Leave out pictures; repeat exactly the lines from the "Группа в зарубежном турне." line through the last of the data below.

[Saved entries]
· · ·
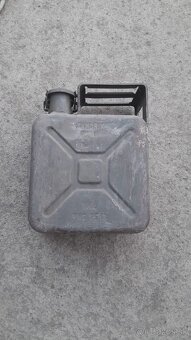 Kanister na benzin - 2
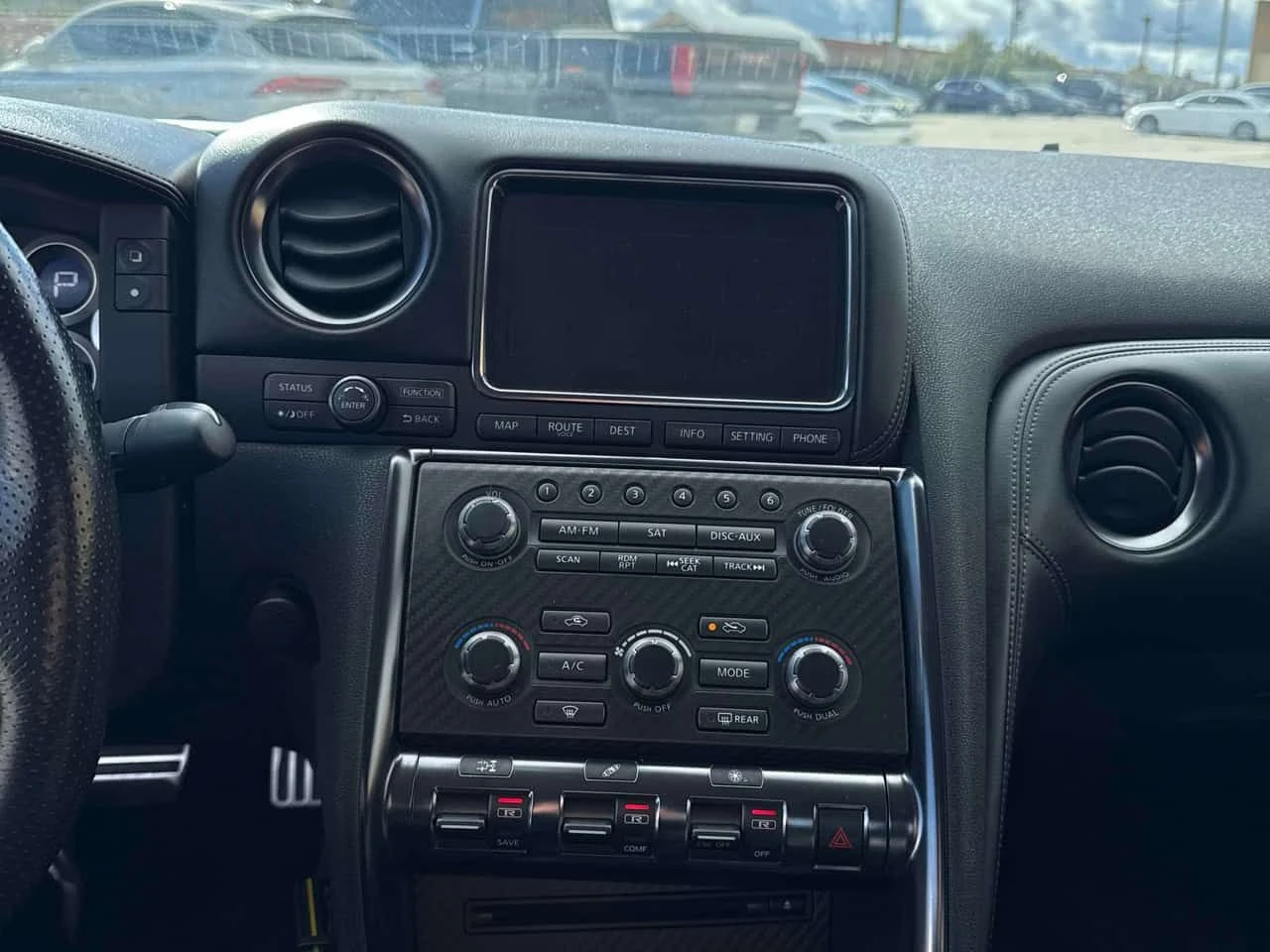 Nissan Gt-r  Premium / CARFAX /CARBON , снимка 9 - Автомобили и джипове - 53912877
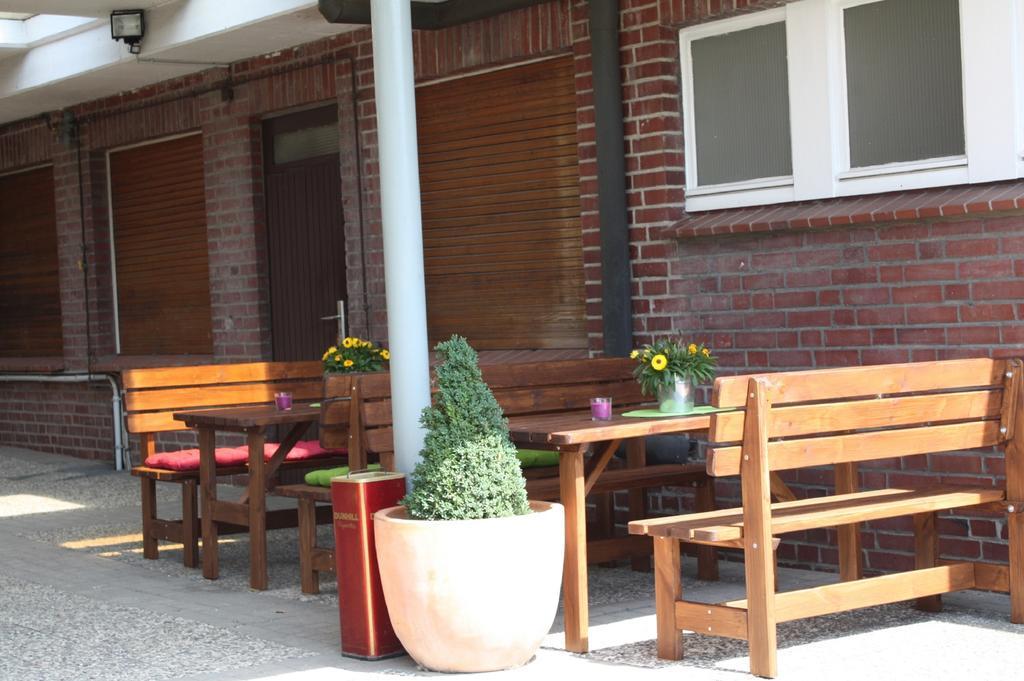 Hotel Am Siebenpfennigsknapp Luenen Bagian luar foto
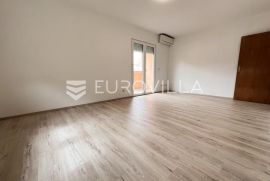 Pula, Štinjan - lijepi trosobni stan u prizemlju s loggiom, NKP 62 m2 - blizina mora, Pula, Daire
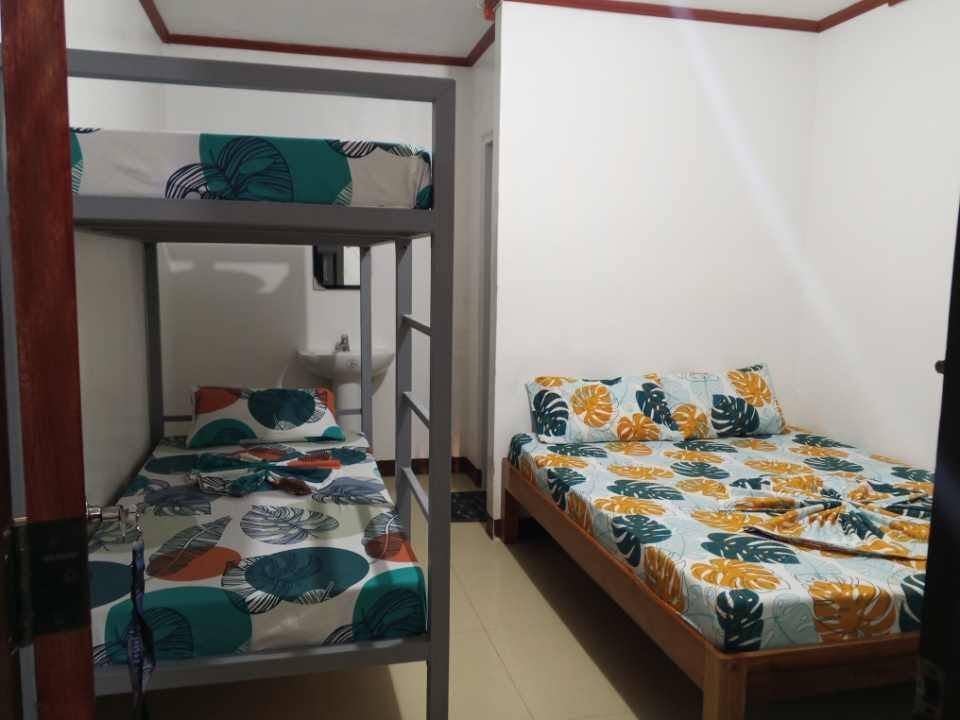 White Beach Basdako Room's and Cottages Rental - In Moalboal — Resort Photo 3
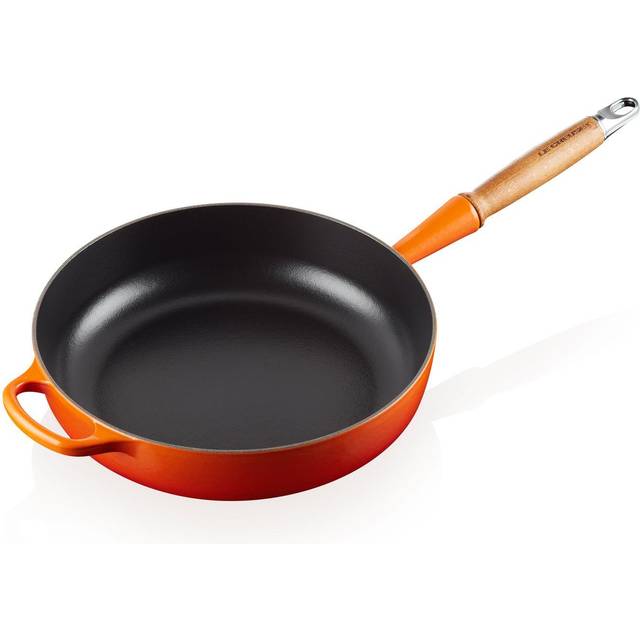 Le Creuset Le Creuset Signature sauce pan wooden handle 28 cm Flame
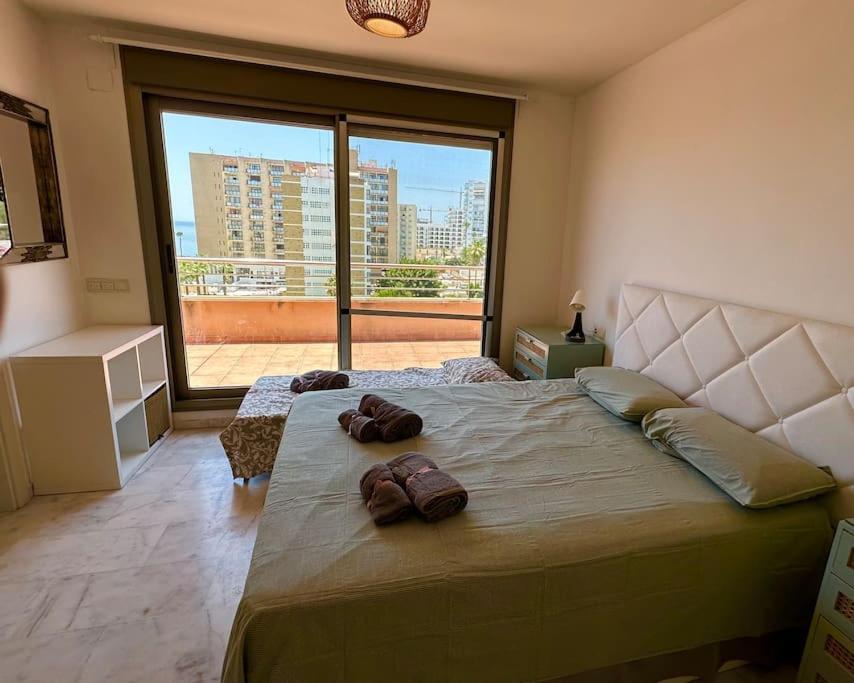 Apartamento Atico Puerto Marina 2 Hab Con Piscina, 500M De La Plata Torremolinos Exterior foto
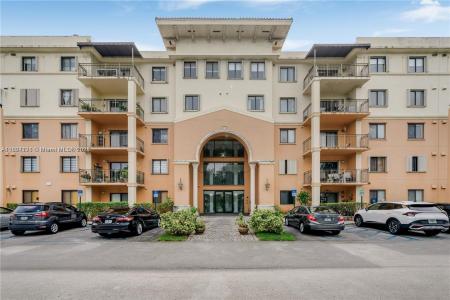 9340 Fontainebleau Blvd 313, Miami, Florida 33172, USA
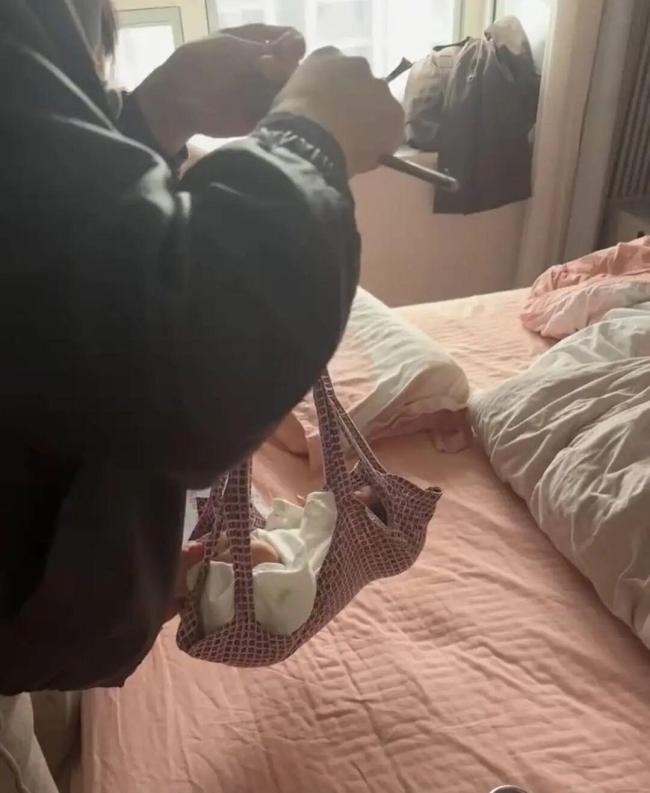 出生四天女婴被秤砣砸中胸口 工作人员操作引争议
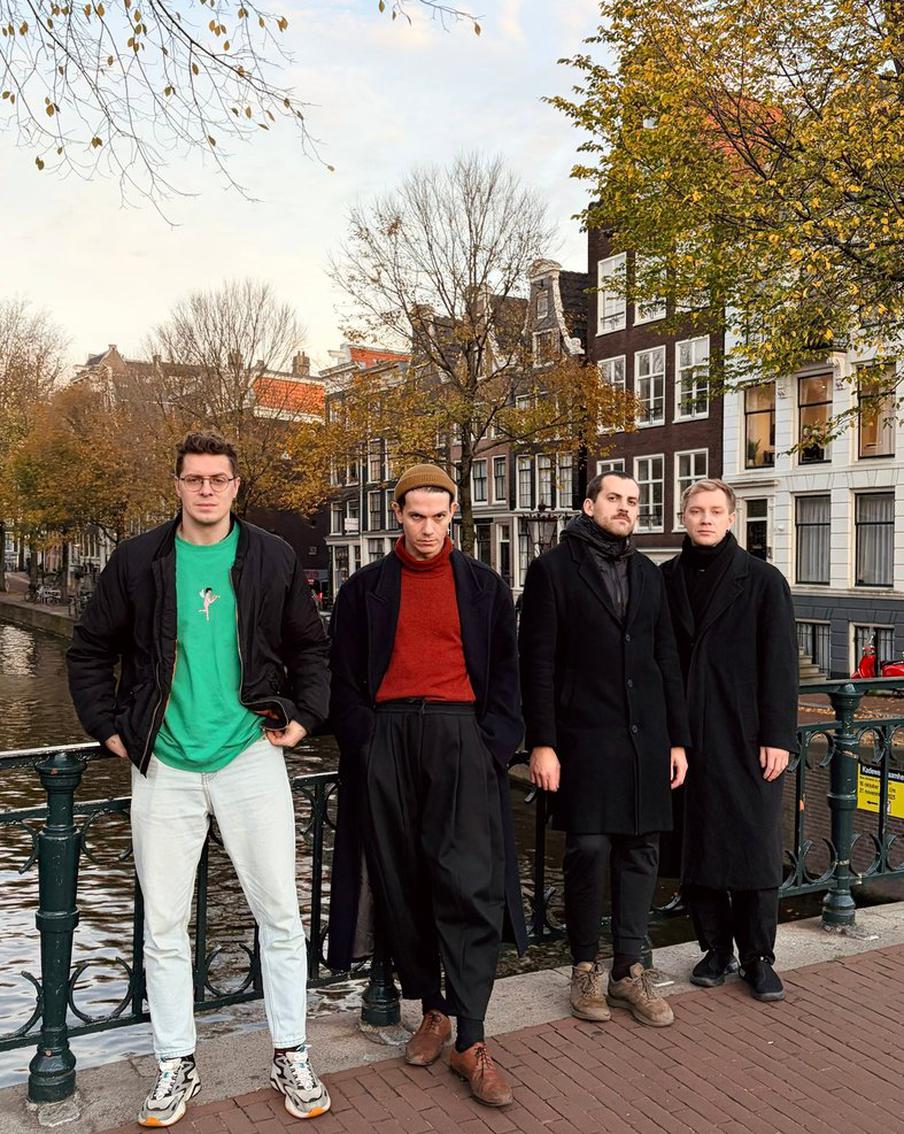 Группа в зарубежном турне.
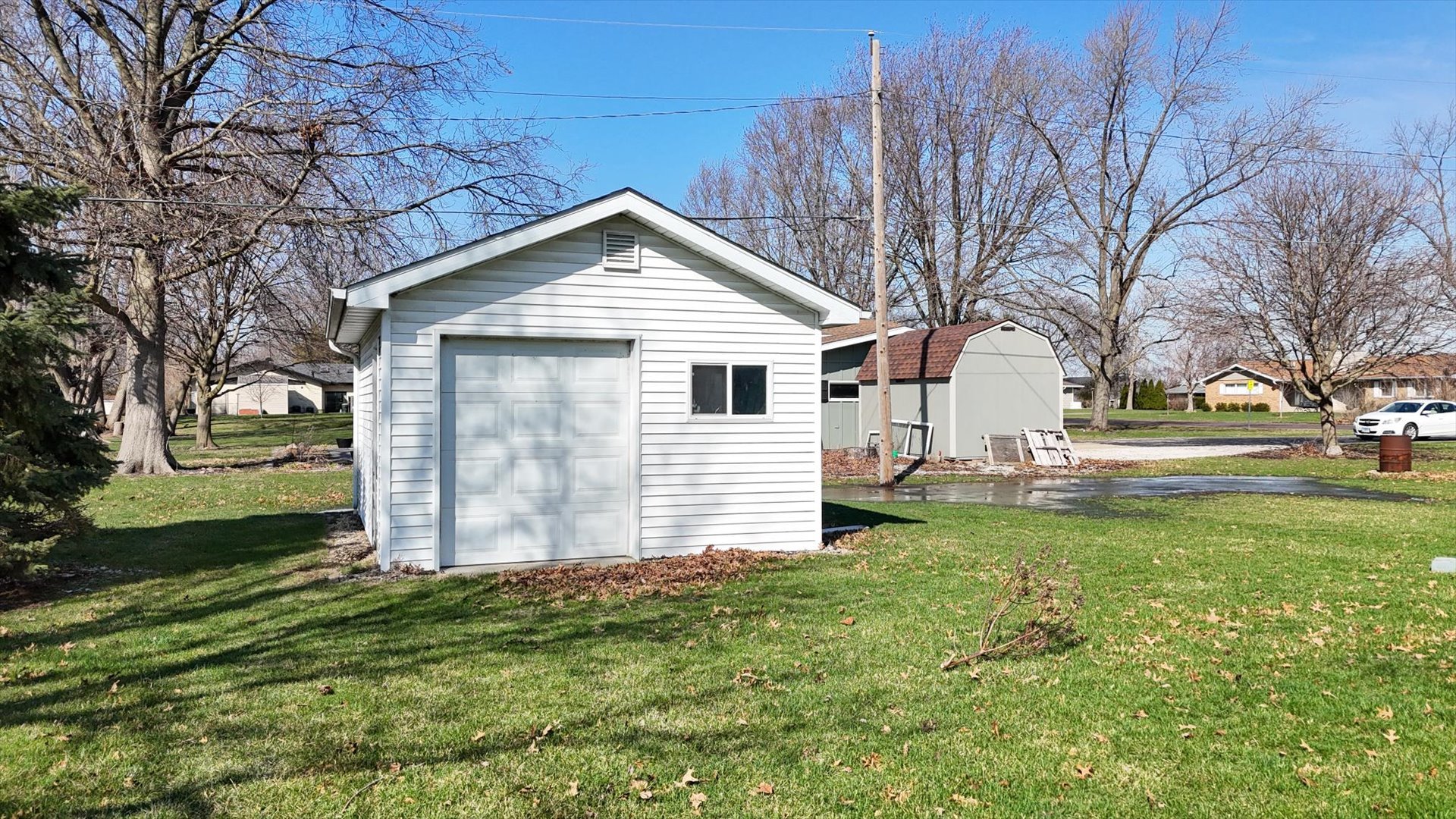 1019 N Sangamon Avenue, Gibson City, IL 60936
· · ·
- _Answer to this task_
 Группа в зарубежном турне.
 1019 N Sangamon Avenue, Gibson City, IL 60936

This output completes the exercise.